[REQUIRED WORK]
Look below for the line containing "Anti-NFATC4 Antibody Picoband® Boster Bio" and the line containing "Gemin 2 Antibody in Western Blot (WB)", then set down both and every line between them exactly, without pictures.

[EXERCISE INPUT]
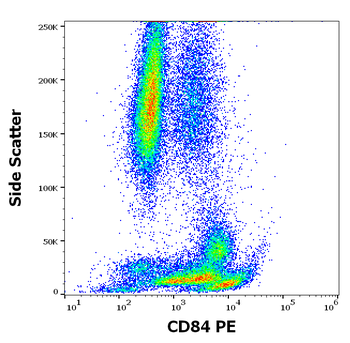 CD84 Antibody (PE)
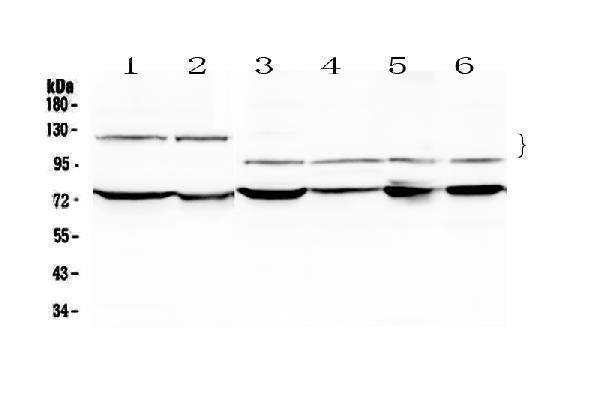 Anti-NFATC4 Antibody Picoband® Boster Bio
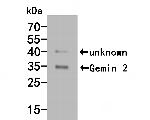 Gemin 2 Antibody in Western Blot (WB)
---
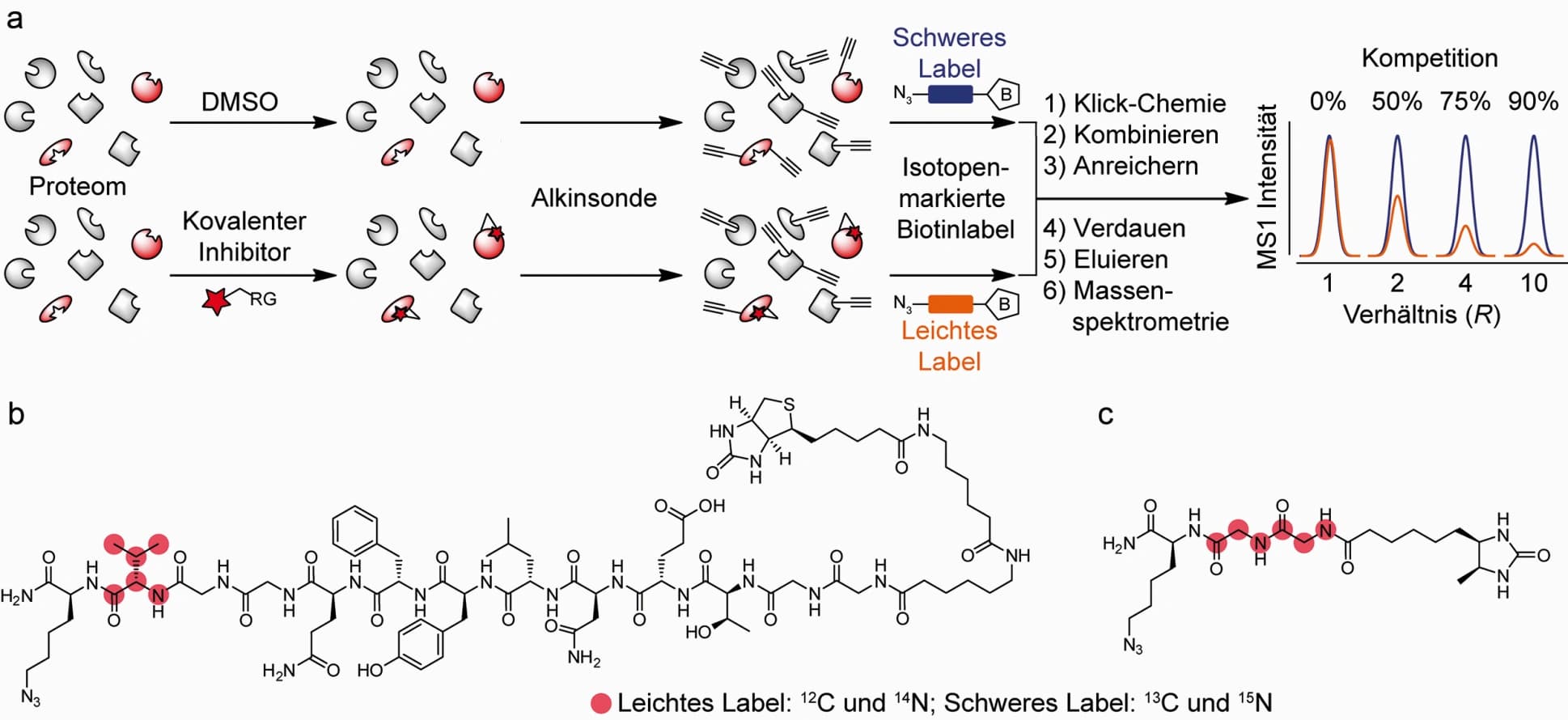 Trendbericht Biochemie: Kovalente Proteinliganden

[ANSWER BOX]
 Anti-NFATC4 Antibody Picoband® Boster Bio
 Gemin 2 Antibody in Western Blot (WB)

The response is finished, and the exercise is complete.